> Task goal
Output exactly the first line of the listing and each line after it, through the line that contains "抖音母婴赛道新玩法,AI图文"; add nothing else.

- - - - -

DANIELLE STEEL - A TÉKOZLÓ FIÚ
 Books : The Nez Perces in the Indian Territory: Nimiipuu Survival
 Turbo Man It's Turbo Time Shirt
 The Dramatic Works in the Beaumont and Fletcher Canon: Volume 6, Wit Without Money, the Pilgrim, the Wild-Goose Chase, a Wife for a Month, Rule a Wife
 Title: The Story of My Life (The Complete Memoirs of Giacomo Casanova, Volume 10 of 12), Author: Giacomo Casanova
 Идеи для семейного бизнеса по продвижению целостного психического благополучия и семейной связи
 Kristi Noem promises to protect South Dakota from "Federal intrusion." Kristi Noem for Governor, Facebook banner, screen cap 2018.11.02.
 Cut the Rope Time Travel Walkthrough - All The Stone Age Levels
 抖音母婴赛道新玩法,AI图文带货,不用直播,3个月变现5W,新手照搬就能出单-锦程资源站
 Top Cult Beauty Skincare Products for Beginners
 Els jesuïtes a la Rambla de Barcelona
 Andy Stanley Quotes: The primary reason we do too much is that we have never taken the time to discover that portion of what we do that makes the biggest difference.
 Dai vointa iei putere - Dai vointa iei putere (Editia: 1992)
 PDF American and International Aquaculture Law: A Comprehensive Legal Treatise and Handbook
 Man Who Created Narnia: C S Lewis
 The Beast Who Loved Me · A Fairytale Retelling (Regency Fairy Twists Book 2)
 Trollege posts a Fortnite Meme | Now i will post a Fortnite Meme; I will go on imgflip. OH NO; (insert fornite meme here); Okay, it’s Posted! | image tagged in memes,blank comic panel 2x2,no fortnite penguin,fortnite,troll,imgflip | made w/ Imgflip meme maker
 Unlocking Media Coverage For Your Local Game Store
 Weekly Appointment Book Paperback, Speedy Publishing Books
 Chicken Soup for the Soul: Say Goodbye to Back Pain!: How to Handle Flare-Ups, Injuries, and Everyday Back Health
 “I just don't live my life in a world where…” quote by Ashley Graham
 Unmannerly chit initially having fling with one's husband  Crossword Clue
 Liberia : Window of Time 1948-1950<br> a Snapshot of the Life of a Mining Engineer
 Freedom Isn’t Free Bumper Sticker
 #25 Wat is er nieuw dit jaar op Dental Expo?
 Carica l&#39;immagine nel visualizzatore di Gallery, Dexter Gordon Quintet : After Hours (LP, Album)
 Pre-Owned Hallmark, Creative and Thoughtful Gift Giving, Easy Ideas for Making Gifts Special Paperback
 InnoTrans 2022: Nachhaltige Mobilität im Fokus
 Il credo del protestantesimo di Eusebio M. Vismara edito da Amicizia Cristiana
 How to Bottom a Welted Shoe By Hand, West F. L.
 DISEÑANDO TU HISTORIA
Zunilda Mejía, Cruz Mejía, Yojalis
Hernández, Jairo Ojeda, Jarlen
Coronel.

- - - - -

> Task response
DANIELLE STEEL - A TÉKOZLÓ FIÚ
 Books : The Nez Perces in the Indian Territory: Nimiipuu Survival
 Turbo Man It's Turbo Time Shirt
 The Dramatic Works in the Beaumont and Fletcher Canon: Volume 6, Wit Without Money, the Pilgrim, the Wild-Goose Chase, a Wife for a Month, Rule a Wife
 Title: The Story of My Life (The Complete Memoirs of Giacomo Casanova, Volume 10 of 12), Author: Giacomo Casanova
 Идеи для семейного бизнеса по продвижению целостного психического благополучия и семейной связи
 Kristi Noem promises to protect South Dakota from "Federal intrusion." Kristi Noem for Governor, Facebook banner, screen cap 2018.11.02.
 Cut the Rope Time Travel Walkthrough - All The Stone Age Levels
 抖音母婴赛道新玩法,AI图文带货,不用直播,3个月变现5W,新手照搬就能出单-锦程资源站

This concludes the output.